--- THE RECORDS ---

# # # #

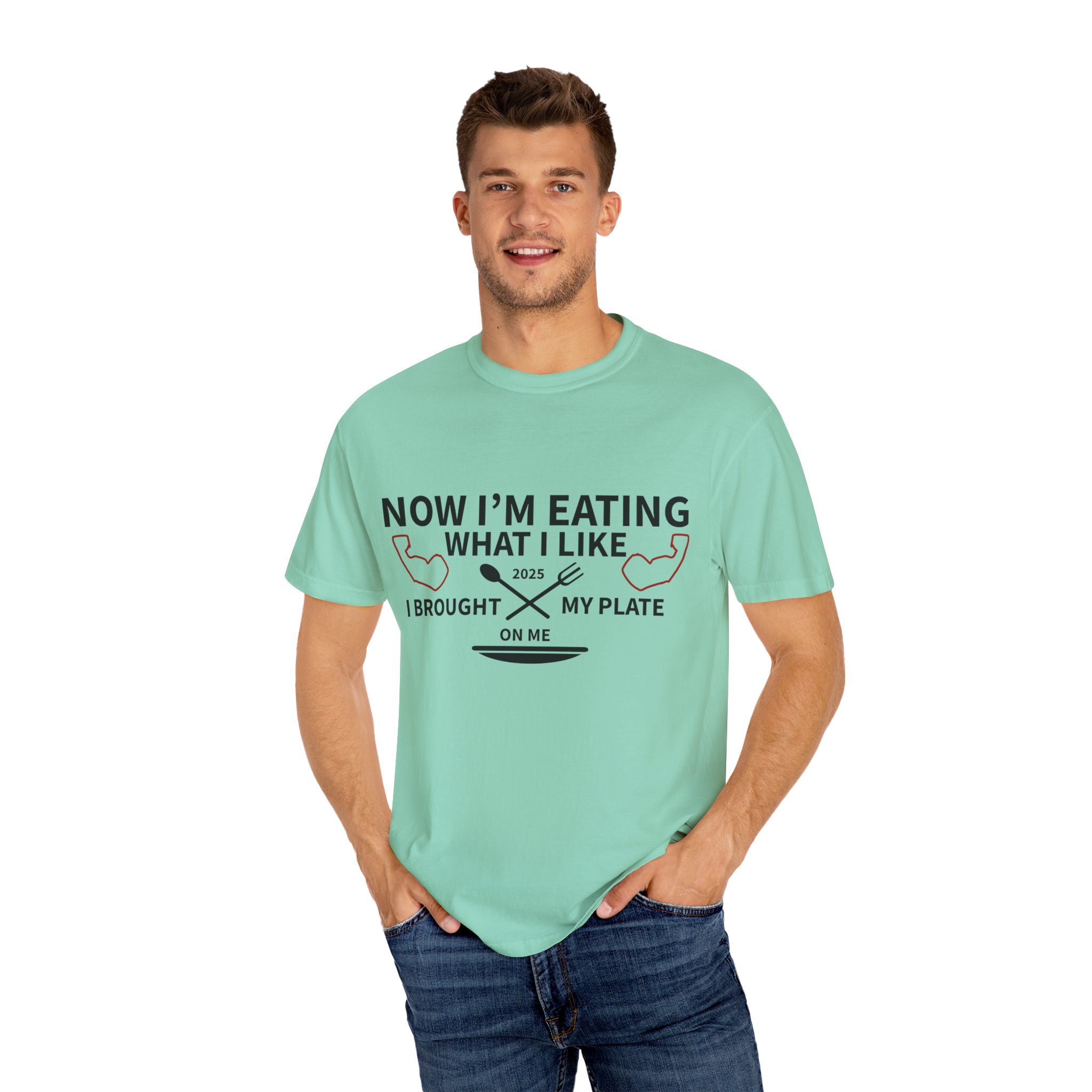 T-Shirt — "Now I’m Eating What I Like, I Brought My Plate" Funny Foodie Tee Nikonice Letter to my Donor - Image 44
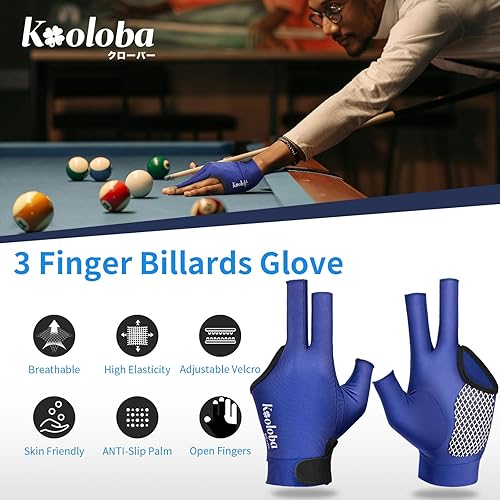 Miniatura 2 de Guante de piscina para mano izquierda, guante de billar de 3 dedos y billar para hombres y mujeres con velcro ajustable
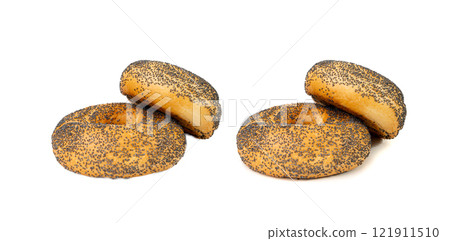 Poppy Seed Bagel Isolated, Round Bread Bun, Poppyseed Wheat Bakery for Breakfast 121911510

# # # #

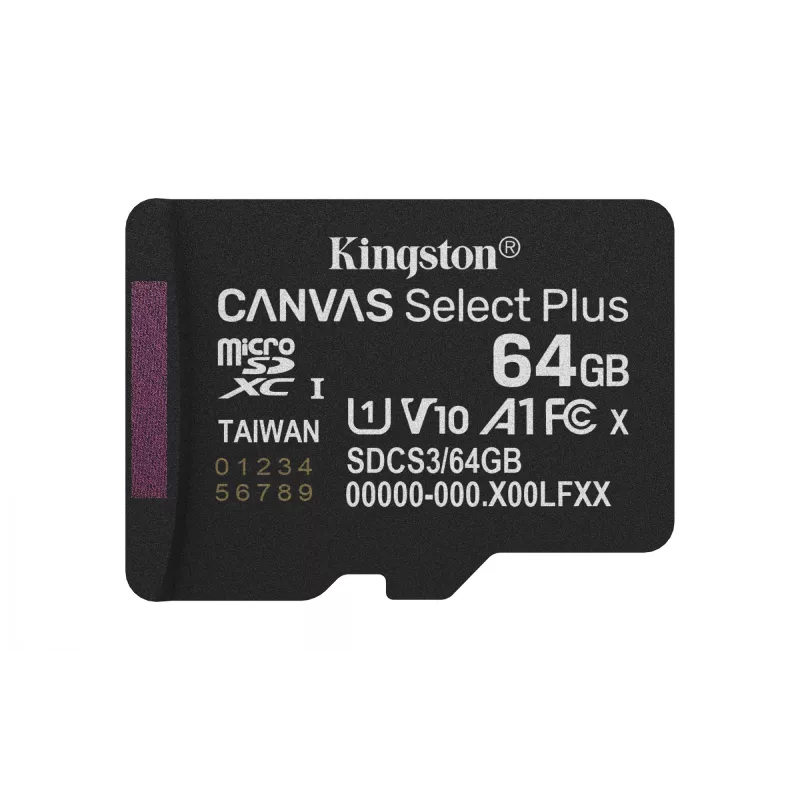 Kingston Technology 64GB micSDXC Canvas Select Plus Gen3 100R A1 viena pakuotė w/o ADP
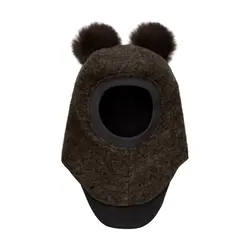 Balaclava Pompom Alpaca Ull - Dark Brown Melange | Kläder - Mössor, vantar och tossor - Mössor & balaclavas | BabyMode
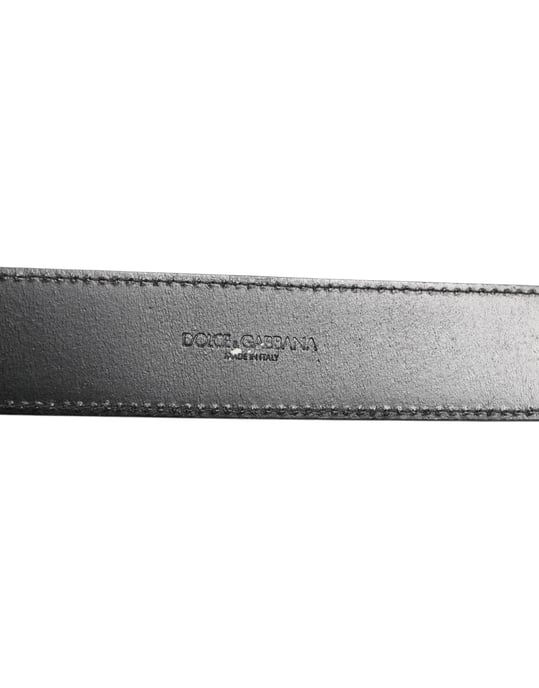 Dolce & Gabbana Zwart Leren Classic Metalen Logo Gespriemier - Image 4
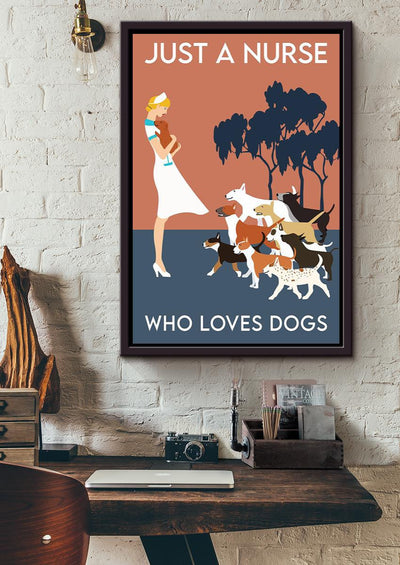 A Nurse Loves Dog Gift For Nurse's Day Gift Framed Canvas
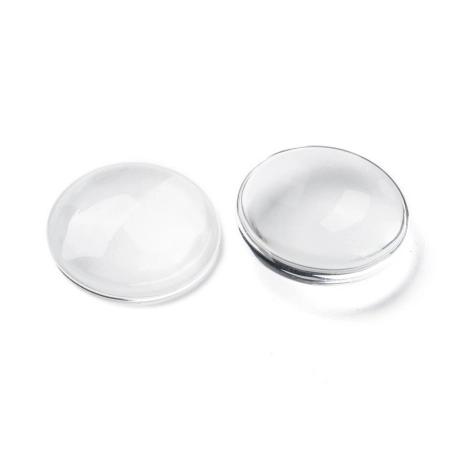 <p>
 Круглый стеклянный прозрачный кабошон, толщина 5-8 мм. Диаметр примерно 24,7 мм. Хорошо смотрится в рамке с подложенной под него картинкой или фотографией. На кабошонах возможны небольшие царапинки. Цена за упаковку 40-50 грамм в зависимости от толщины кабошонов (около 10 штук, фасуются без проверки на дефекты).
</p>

# # # #

--- WHAT TO DO ---
Give again the lines of the listing above that run from the one with "Donor - Image 44" up to and including the one with "Poppy Seed Bagel". Keep them exact and omit the pictures.

--- SOLVED PROBLEM ---
 T-Shirt — "Now I’m Eating What I Like, I Brought My Plate" Funny Foodie Tee Nikonice Letter to my Donor - Image 44
 Miniatura 2 de Guante de piscina para mano izquierda, guante de billar de 3 dedos y billar para hombres y mujeres con velcro ajustable
 Poppy Seed Bagel Isolated, Round Bread Bun, Poppyseed Wheat Bakery for Breakfast 121911510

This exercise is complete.